The seventh edition of “Dietary Guidelines for Americans” was released Jan. 31 and the latest dietary recommendations by the federal government come as no surprise: eat less salt and saturated fats, eat more fruits and vegetables and whole grains.

However, among the recommendations updated every five years by the Department of Agriculture and Health and Human Services and then tweaked by regulators and eventually made public this year’s guidelines were extremely blunt. The government strongly suggests that Americans just simply eat less.

According to a statement that was included in the dietary guideline report, more than a third of children and more than two-thirds of adults in the U.S. are overweight or obese.

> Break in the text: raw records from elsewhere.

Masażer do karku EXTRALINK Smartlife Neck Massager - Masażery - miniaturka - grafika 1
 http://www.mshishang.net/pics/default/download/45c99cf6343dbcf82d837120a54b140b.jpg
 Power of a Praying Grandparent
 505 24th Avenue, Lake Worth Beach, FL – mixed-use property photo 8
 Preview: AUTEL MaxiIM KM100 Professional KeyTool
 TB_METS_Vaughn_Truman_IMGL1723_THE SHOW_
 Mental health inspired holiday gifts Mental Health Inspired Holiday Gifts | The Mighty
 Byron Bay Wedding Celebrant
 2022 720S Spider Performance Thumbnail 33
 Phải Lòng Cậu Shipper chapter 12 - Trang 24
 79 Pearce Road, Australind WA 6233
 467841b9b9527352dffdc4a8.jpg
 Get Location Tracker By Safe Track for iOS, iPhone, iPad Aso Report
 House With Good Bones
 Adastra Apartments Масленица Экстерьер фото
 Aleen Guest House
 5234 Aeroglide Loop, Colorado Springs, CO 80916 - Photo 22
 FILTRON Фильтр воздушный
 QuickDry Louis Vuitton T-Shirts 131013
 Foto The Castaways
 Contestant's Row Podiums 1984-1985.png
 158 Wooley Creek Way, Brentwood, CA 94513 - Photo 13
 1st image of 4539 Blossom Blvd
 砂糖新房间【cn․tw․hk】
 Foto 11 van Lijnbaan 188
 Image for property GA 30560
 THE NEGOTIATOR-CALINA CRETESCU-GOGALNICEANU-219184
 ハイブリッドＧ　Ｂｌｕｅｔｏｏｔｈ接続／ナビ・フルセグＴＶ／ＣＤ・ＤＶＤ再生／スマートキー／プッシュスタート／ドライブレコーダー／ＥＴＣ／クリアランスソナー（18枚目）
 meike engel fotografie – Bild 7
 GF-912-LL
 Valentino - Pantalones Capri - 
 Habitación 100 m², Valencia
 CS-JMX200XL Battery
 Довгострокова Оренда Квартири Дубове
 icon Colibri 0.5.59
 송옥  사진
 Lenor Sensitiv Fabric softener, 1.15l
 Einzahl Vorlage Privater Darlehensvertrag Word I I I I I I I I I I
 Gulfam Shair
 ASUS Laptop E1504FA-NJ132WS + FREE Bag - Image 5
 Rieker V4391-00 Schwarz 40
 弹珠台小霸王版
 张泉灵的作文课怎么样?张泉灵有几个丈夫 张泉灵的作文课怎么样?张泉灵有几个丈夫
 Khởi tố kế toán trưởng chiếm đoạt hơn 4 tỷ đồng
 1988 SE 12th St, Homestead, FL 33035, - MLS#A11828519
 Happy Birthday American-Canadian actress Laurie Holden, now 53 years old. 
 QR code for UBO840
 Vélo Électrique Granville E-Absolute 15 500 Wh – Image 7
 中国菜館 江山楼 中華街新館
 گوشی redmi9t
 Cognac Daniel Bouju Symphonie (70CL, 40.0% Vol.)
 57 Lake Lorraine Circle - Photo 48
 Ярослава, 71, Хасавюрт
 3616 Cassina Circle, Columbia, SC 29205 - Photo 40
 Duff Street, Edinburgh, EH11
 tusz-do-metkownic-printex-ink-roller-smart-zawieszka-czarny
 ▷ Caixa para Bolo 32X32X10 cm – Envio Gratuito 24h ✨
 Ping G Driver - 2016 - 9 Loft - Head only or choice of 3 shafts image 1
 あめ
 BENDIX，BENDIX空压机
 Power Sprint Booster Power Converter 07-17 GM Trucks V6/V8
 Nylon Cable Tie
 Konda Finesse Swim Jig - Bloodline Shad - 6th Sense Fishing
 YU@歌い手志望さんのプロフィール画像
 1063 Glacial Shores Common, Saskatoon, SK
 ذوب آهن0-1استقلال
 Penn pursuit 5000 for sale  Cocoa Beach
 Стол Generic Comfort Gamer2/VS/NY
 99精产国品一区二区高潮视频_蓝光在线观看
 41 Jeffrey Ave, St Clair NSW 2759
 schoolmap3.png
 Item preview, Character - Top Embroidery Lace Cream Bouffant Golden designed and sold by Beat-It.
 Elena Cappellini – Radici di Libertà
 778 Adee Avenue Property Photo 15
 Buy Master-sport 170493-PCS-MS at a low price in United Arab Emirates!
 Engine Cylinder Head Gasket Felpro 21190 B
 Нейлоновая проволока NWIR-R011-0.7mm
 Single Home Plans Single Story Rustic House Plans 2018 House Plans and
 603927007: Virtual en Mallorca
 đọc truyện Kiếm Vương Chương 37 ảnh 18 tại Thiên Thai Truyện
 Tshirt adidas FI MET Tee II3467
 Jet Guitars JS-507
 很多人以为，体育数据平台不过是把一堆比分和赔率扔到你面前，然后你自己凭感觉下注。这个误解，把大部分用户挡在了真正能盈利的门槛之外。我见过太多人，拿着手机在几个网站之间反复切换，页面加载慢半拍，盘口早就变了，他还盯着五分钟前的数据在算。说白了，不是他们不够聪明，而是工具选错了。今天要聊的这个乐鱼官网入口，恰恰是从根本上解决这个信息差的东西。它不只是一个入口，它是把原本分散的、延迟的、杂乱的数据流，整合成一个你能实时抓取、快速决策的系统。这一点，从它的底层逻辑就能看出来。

The U.S. obesity rate “is a crisis that we can no longer ignore,” Agriculture Secretary Tom Vilsack said at a news conference. Vilsack also went on to say that, “the new and improved recommendations give individuals the information to make thoughtful choices.”

Among the new guidelines the government is stressing the need to reduce sodium intake by two-thirds of a teaspoon or 35 percent. Anyone 51 or older, all African-Americans, children and adults with hypertension, diabetes and chronic kidney disease should cut their salt intake to 1,500 milligrams a day. The rest of the population should consume no more than 2,300 milligrams, equaling a teaspoon.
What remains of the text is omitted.